Pourra-t-on encore étudier les manuscrits d'écrivains modernes?

Lu sur Slate, reprenant une inquiétude de Pierre Assouline pointant une des conséquences de l'informatisation de l'écriture: le risque de disparition des brouillons manuscrits par l'écrasement des fichiers successifs opéré par les traitements de texte, privant de facto les chercheurs de la jouissance de la genétique du texte.
Malgré son intérêt évident, cette discipline n'est qu'une forme de glose élucidative.
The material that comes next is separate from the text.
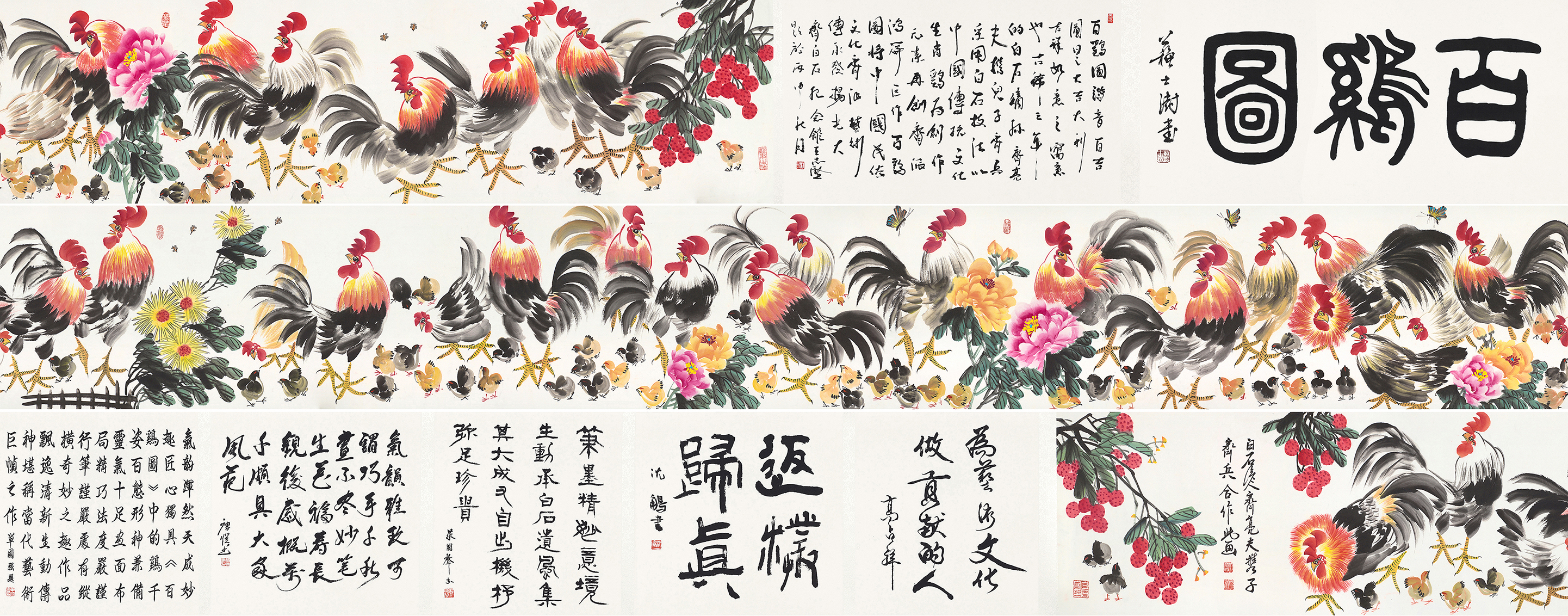 百鸡图YCSZ-JYBJY-054GB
Si l'examen des brouillons, des essais, des fausses pistes, des retours en arrière ou des illuminations soudaines pour passionnant soit-il, donne quelques idées sur la genèse d'un texte et donc le processus créatif de l'écrivain, il ne me semble pas pour autant que sa disparition soit à l'ordre du jour.
Tous les supports de l'écriture finissent par disparaître. on constatera simplement que les plus récents sont ceux qui ont la moindre espérance de vie, de l'ordre de la demi-décennie, si l'auteur ne prend pas de précautions. 
Je me souviens par exemple de "Zaïtchic", une de mes premières tentatives de roman sur ordinateur DOS. j'utilisais un des premiers portables, de la taille d'une petite valise et travaillais sous Sprint de Borland, si ma mémoire est bonne. j'ai conservé la vingtaine de disquettes de 3,5" sur lesquelles j'enregistrais au fur et à mesure le texte, car le fameux dinordinateur n'avait pas de disque dur. Elles sont aujourd'hui illisibles. Il ne me reste de cette tentative que quelques feuillets que j'avais imprimés par hasard et des éléments de brouillons manuscrits.
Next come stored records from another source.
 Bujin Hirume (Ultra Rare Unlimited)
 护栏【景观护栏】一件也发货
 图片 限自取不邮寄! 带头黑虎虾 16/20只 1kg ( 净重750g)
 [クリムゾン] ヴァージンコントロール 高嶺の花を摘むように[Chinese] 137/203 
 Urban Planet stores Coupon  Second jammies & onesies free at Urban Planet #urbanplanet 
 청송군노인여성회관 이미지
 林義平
Au delà du fait que la plupart des écrivains manient encore la plume et le papier, la moralité de cette affaire est que, sauf à être un pisse copie logorrhéique, il leur faut, toute prétention bue, veiller à conserver systématiquement leurs ébauches et tous les brouillons, y compris en enregistrant systématiquement les moindres variations du texte s'ils souhaitent que les générations futures des chercheurs universitaires puissent se plonger avec délectation dans les arcades de leur écriture.

C'est un peu prétentieux, c'est surtout un peu vain. Je ne suis pas si sûr que chacun aimerait voir mis en valeur ses tâtonnements, ses erreurs, ses fausses routes, bref le cheminement intime et difficile de la pensée qui se construit et se fraie un chemin dans et par l'écriture. Seule importe au bout du compte l’œuvre achevée, au repentir près.

Dernière réflexion et elle est d'importance: les nouvelles technologies, pour aussi fascinantes et efficaces soient-elles, ont manifestement une espérance de vie inversement proportionnelle à leur complexité et à l'énergie qu'elles nécessitent pour fonctionner. 
De ce point de vue le livre papier, tellement primitif, tellement lourdingue et linéiaire, a encore de beaux jours devant lui, dès lors qu'il sera édité et imprimé avec un soucis de qualité.